# Brief
Leave out the pictures, and quote exactly the lines running from the one with "Mode Neue Damen-Vulkanisierschuhe" through the last line of the entries below.

# Input for this task
━━━━━━━━━━━━━━━━━━━━

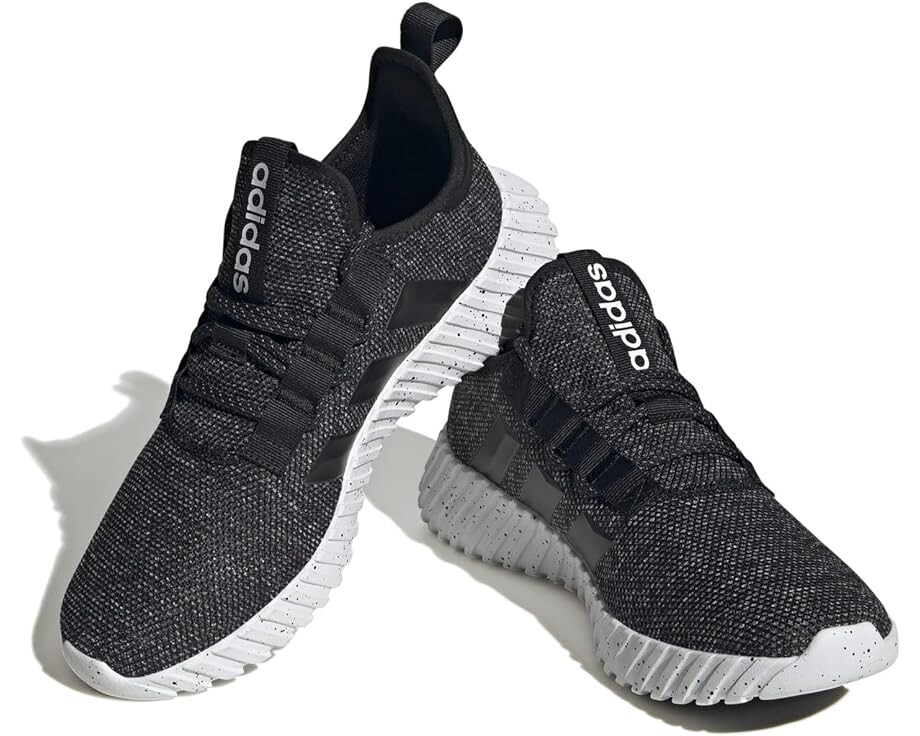 Кроссовки adidas Running Kaptir 3.0, цвет Black Heather/Core Black/Footwear White
Кроссовки adidas Running Kaptir 3.0, цвет Black Heather/Core Black/Footwear White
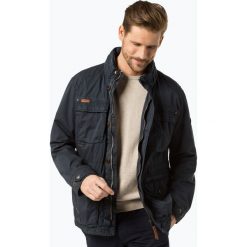 Camel Active - Kurtka męska, niebieski. Brązowe kurtki męskie marki Camel Active, m, bez wzorów, bez kaptura. Za 899,95 zł.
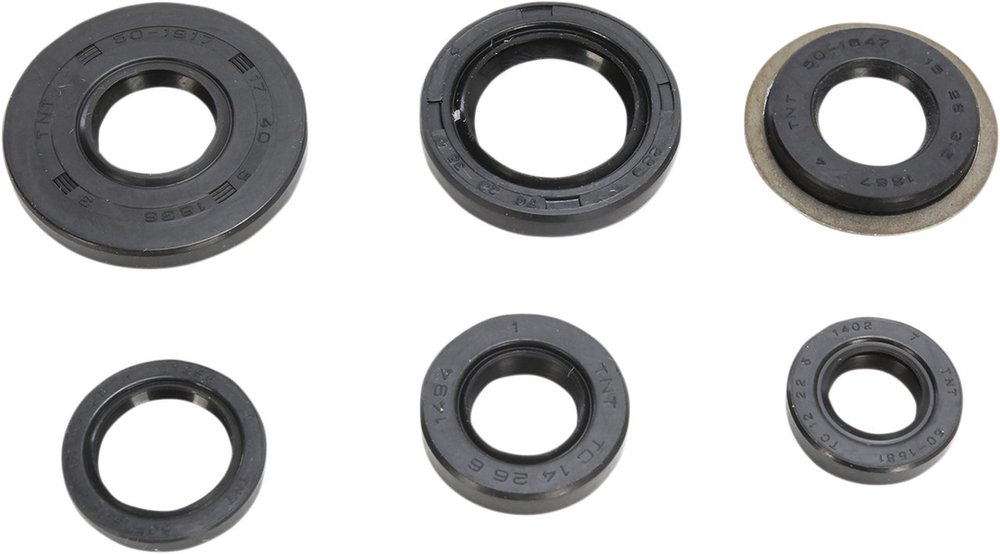 MOOSE RACING ムースレーシング ガスケット／オイルシール【GASKETS AND OIL SEALS [0935-0838]】 TW200 TRAILWAY YAMAHA ヤマハ オイルシール エンジンパーツ エンジン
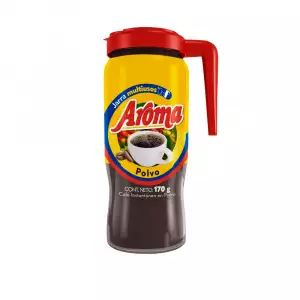 CAFÉ GRANULADO AROMA X170g
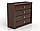 Комод Коен 011KOM4S венге магія від Гербор з Безкоштовною Доставкою, фото 2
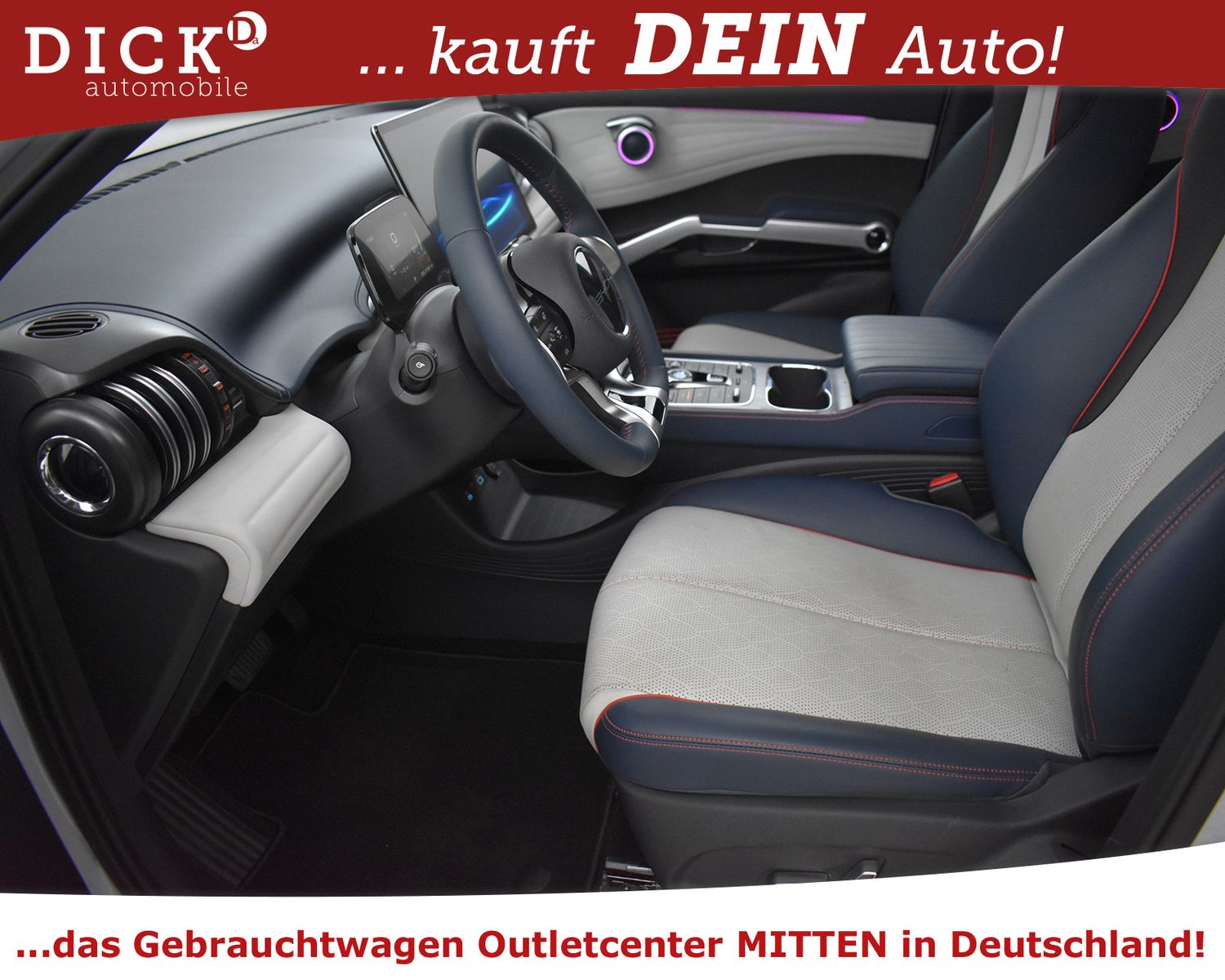 BYD Atto 3 Design WERKSGA+PANO+NAVI+LED+SHZ+ACC+360+ - Image 11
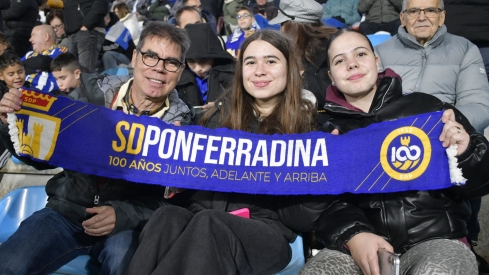 Lugo   Ponferradina (174)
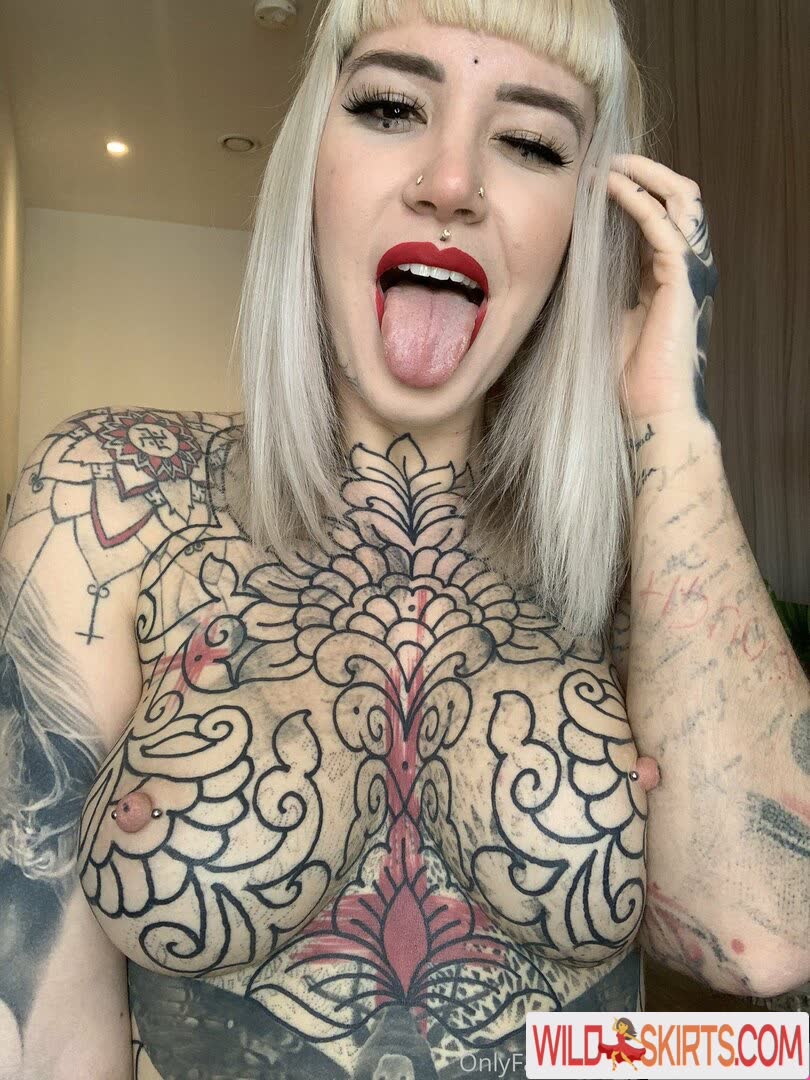 Missalexistattoo nude leaked photo #84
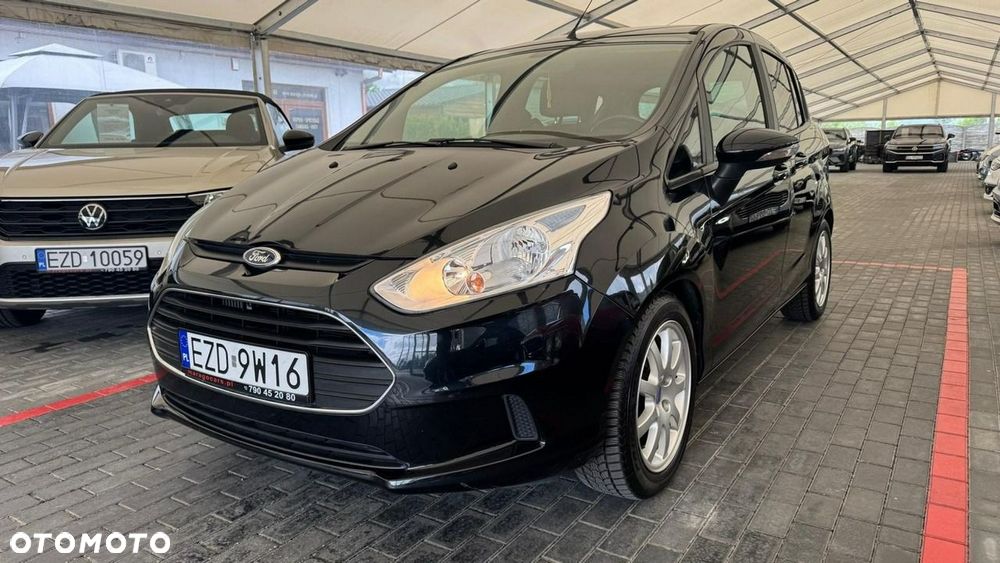 Ford B-MAX 1.0 EcoBoost Trend ASS EU6 - 7
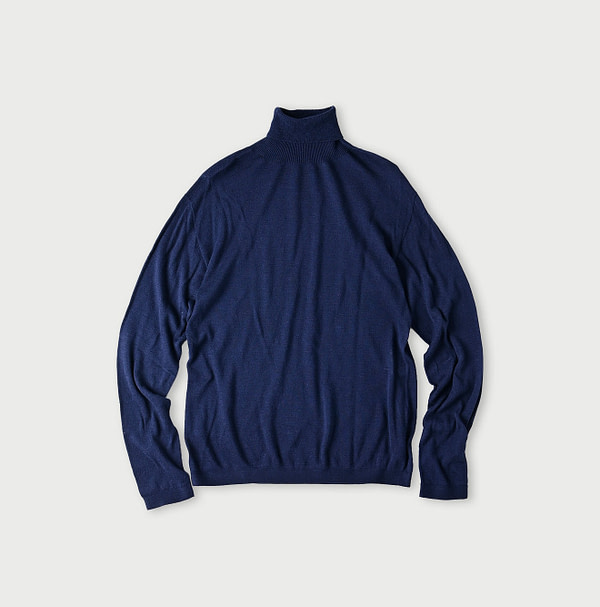 Whole Super Gauze 908 Turtle Navy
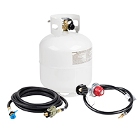 Outdoor Grill Fuel Accessories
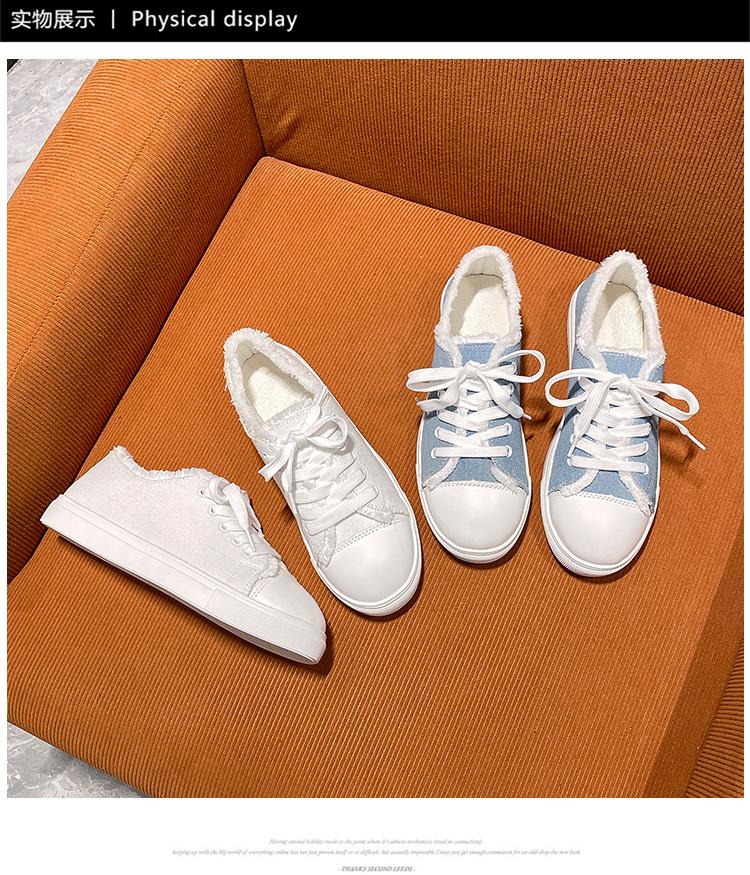 Mode Neue Damen-Vulkanisierschuhe Runde Zehenpartie Schnürschuhe für Damen Plateau Flache Damenschuhe Outdoor-Mode Rutschfest Low-Top Ballerinas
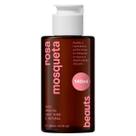 Óleo de Rosa Mosqueta Pura Hidratante e Clareador Manchas, Rugas, Estrias e Elasticidade Rosto, Corpo e Cabelos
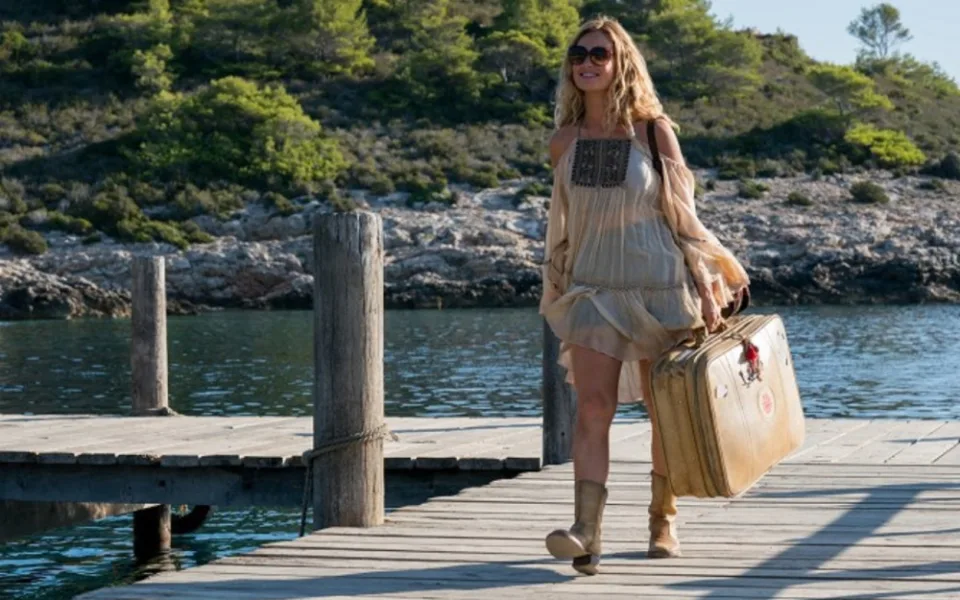 Mamma mia! Here we go again.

━━━━━━━━━━━━━━━━━━━━

# Result below
 Mode Neue Damen-Vulkanisierschuhe Runde Zehenpartie Schnürschuhe für Damen Plateau Flache Damenschuhe Outdoor-Mode Rutschfest Low-Top Ballerinas
 Óleo de Rosa Mosqueta Pura Hidratante e Clareador Manchas, Rugas, Estrias e Elasticidade Rosto, Corpo e Cabelos
 Mamma mia! Here we go again.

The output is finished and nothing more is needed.